Thursday, May 10th, 2012 - By Michael Oliveira, The Canadian Press

TORONTO - You can't blame Anthony Zuiker for wanting to branch away from forensic science just a little bit.

It was about 12 years ago that the creator of the massively popular "CSI" franchise brought the megahit to TV, and although there are rumours that one or both of its spinoffs are endangered, the core show keeps chugging along.

He's currently spending some time away from his regular TV gig to work in Hamilton, about an hour west of Toronto, on a project that combines two of his latest personal interests: the emerging worlds of cybercrime and online digital distribution of TV and film.

He's executive producing an online film called "Cybergeddon," which is due to premiere on Yahoo! in September. Montreal native Missy Peregrym ("Rookie Blue") stars as an agent investigating efforts to launch a worldwide cyber attack of epic proportions.

"The climate of today, so to speak is, cybercrime, so I went to Washington, D.C., and did a lot of research, worked alongside (security software maker) Symantec in terms of authenticity and wanted to do a big cybercrime movie," said Zuiker.

"I wanted to do something as big as (Jerry Bruckheimer's) 'Armageddon.'"

Of course, "Cybergeddon" won't be quite up to the Bruckheimer-level of production values, but Zuiker said it won't look low budget either.

"It has the same budget in terms of an independent movie but the scale of it will feel much grander," he said.

"There's big money behind it but there's still cognizant budgets, very thoughtful budgets we have to pay attention to. We're still stretching every dollar we can to make the best content possible — but that's all part of the fun."

The film will be split into 10 chunks of about nine minutes each, which will become available to stream weekly. Other bonus content will be posted to keep viewers engaged in the online film between new instalments.

It took a different creative approach to structure the film into 10 parts, Zuiker said.

"We have to be able to commit to a beginning, middle and end with a hard out every nine minutes for the weekly segments, in traditional film it'd be a different format, it'd be a basic three-act structure," he said.

"But because we are launching nine mini-movies inside one big movie there has to be a real rhythm to how we do that.... Once the segment nature of this is over with, you can put the movie together organically to have your 90 minute movie, which probably will be distributed to other platforms like Netflix and DVD to keep having a shelf life beyond the initial launch."

Zuiker admits "Cybergeddon" is very much an experiment in how audiences will respond to the coming wave of designed-for-online films.

"We are in a nascent stage.
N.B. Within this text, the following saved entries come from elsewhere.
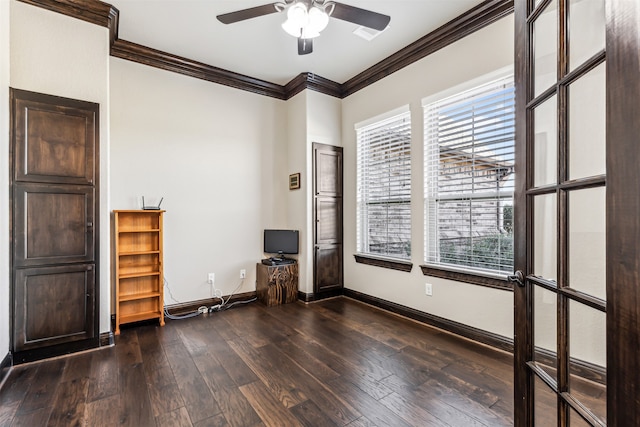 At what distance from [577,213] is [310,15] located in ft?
6.59

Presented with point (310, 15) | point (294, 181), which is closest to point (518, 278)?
point (310, 15)

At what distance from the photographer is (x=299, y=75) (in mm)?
3996

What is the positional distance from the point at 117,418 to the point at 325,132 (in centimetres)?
361

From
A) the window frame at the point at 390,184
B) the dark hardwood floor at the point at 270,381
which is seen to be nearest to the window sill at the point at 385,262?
the window frame at the point at 390,184

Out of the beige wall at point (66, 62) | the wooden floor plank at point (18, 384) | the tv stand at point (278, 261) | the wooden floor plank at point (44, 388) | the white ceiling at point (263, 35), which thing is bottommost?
the wooden floor plank at point (44, 388)

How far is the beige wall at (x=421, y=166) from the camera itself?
2.63 metres

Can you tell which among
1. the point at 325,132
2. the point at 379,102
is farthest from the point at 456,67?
the point at 325,132

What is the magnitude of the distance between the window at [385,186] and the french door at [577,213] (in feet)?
7.31

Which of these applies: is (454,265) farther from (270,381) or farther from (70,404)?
(70,404)

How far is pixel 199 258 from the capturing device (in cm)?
374

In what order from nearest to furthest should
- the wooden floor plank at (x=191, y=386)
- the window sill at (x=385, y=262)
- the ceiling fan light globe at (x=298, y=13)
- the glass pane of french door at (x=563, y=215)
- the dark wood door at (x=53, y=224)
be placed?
the glass pane of french door at (x=563, y=215) → the wooden floor plank at (x=191, y=386) → the ceiling fan light globe at (x=298, y=13) → the dark wood door at (x=53, y=224) → the window sill at (x=385, y=262)

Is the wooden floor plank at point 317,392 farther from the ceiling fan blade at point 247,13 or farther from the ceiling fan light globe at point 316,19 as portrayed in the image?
the ceiling fan blade at point 247,13

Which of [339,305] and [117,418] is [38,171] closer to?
[117,418]

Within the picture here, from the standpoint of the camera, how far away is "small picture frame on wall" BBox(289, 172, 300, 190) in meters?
4.19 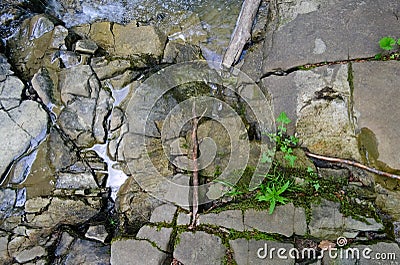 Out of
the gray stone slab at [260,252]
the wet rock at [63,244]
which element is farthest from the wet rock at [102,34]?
the gray stone slab at [260,252]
As we learn more and more about what is the audience behaviour, the proper formats, and how do you tell the story properly for the device ... it will develop into what it needs to be."

Google has aggressively been pushing for content creators to use its online video platform, YouTube, as a delivery vehicle for new shows and films. YouTube recently underwent a major redesign emphasizing channels that encourage users to watch strings of short videos together. And just last week, Google said it would spend $200 million to market YouTube channels, including a forthcoming selection of scripted dramas for women. Called Wigs, it's being helmed by Jon Avnet ("Black Swan," "Fried Green Tomatoes"), director Rodrigo Garcia ("Albert Nobbs," "In Treatment") and actresses Virginia Madsen, Julia Stiles and Jennifer Beals.